A 67 page issuance of Kinder Morgan questions from FERC in preparation for its April 2016 Environmental Impact Statement (EIS) for the Northeast Energy Direct Project was posted at the FERC E-Libray Freburary 26, 2016. Once the EIS is complete, more public input will be accepted. You can find the process flowchart here.
The PDF is searchable, so as a rough check we scanned for “New Hampshire”, “Mason”, “Amherst” and a couple of other towns along the pipeline route. However, what is of equal significance are those comments previously entered into the e-library that did not reach the level of significance for FERC to post a question to Kinder Morgan.
Address comments, such as one by Joe McGuire (20151016-4050) and the Town of Mason, New Hampshire (20151015-5110) that are concerned about how construction would impact property boundaries that are fieldstone walls built around agricultural fields and referenced in property deeds. Provide any information from coordination efforts with the appropriate state historic preservation offices on the mitigation and treatment plans.

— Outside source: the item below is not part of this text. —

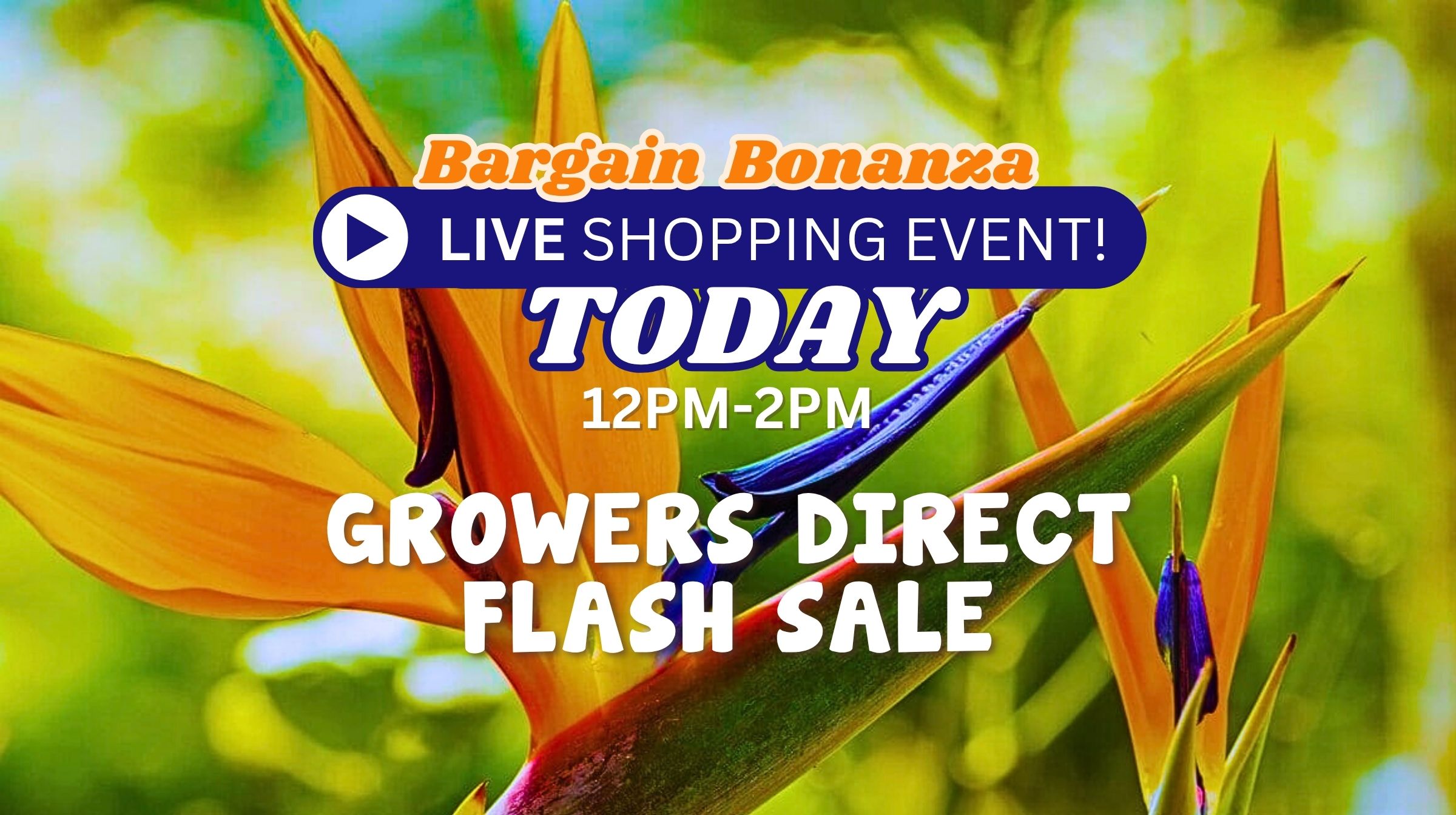 Feature image Colorful image with bird of paradise flowers as background. Text announces "Bargain Bonanza Live Shopping Event – Flash Sale Today 12PM-2PM. Don’t miss Growers Direct’s exclusive deals!.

It is with some irony that we note that Mason’s Master Plan also gives much weight to its historic walls.
Dirt roads, vast forested areas, scenic views, historic landmarks, stone walls, pristine streams, and small town character are highly valued by the citizens of Mason. Our vision is one where all of these valuable assets are protected; for once they are lost, they cannot be replaced.
But literally, where the rubber meets the road, actual highway department maintenance seems to prioritize our citizens getting to work on time in winter over preservation and/or restoration of “accidentally damaged” walls. Maybe FERC will require more accountability?